門在他們身後關上時,列車内黑漆漆的,盡管還有一絲光亮,但車外面好像進入黑夜。哈利想火車準是進了通往美國的海底隧道。
列車在長長的隧道中飛馳,哈利和其他人坐在那兒,默不作聲。一想到隧道中厚重的岩石把他和天空隔開,他的心就是一緊,他讨厭被岩石困住的這種感覺。
列車終于漸漸慢了下來,突然車廂裡透進刺目的光亮。這是一個新站點,所有的一切都是嶄新的。白熾燈在牆壁上吱吱作響,幾乎刺傷了他的眼睛。
他跌跌撞撞地沿着梯子往上爬,洞口被一塊巨大的岩石擋住了。
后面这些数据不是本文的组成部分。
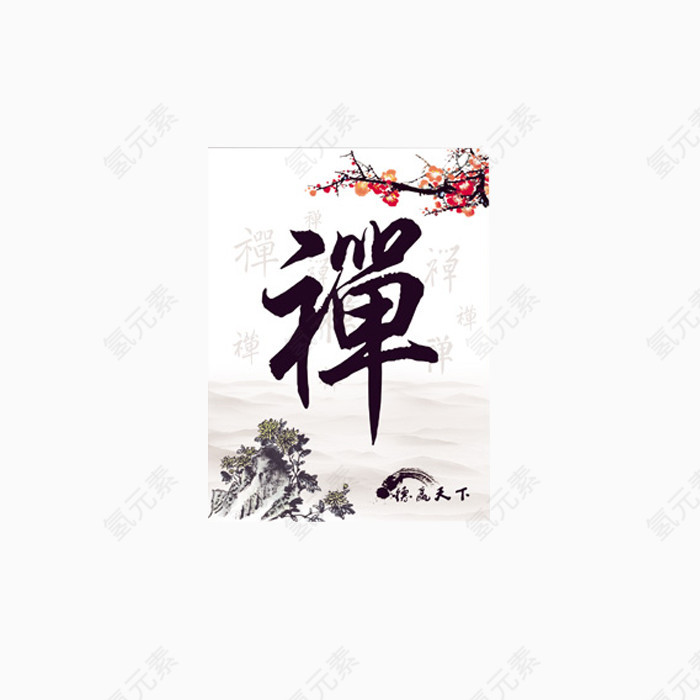 静修禅意匾额素材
哈利用力一推,竟然一下子推開了。原來是泡沫做的。哈利不禁啞然。
天氣霧蒙蒙的,幾隻海鷗在很低的地方飛着。四周怪石林立,隻有無邊的海浪拍打着岸邊。哈利看着太陽在東方劃出玫瑰色的弧線,一個男人背對着他們坐在懸崖邊釣魚。
“唷,漢克。”這次的檢票員是一個年輕的女孩,檢票員沒有名字,所以隻能叫他們為“檢票員小姐或是先生”。檢票員小姐沖他揮了揮手。“收獲如何?”
“我的水桶可裝滿了。”漢克笑着點點頭,幾條魚兒在他的桶裡撲騰着。
哈利和許多人一樣對這出莫名其妙的演出不知所措。“他們一定是莎士比亞看多了。”一個男孩低低地說,有些人笑了。
“他們在說‘行話’——勞倫斯。”一個狐狸臉的女孩大聲地“噓”了一聲,她叫塔碧·李。“聽着吧。”
“25美分,買你一條海鲈魚。”
“成交。”售票員小姐向漢克抛出一枚硬币,他漂亮地伸手接住了。“你們去哪兒?”
“明尼蘇達州。”塔碧·李說。
“上來握住這個桶。”漢克示意道。塔碧·李抓住了水桶剝落的塑料提手,“噗呲”一聲,她像是一團煙霧般消失了。
哈利在一陣戰栗中握住了水桶,他感到自己耳朵嗡嗡作響,外面強烈的陽光刺得他睜不開眼睛,隐隐飄來汽油桶燃燒的氣味。他雙腳落地踩在一片水泥地上。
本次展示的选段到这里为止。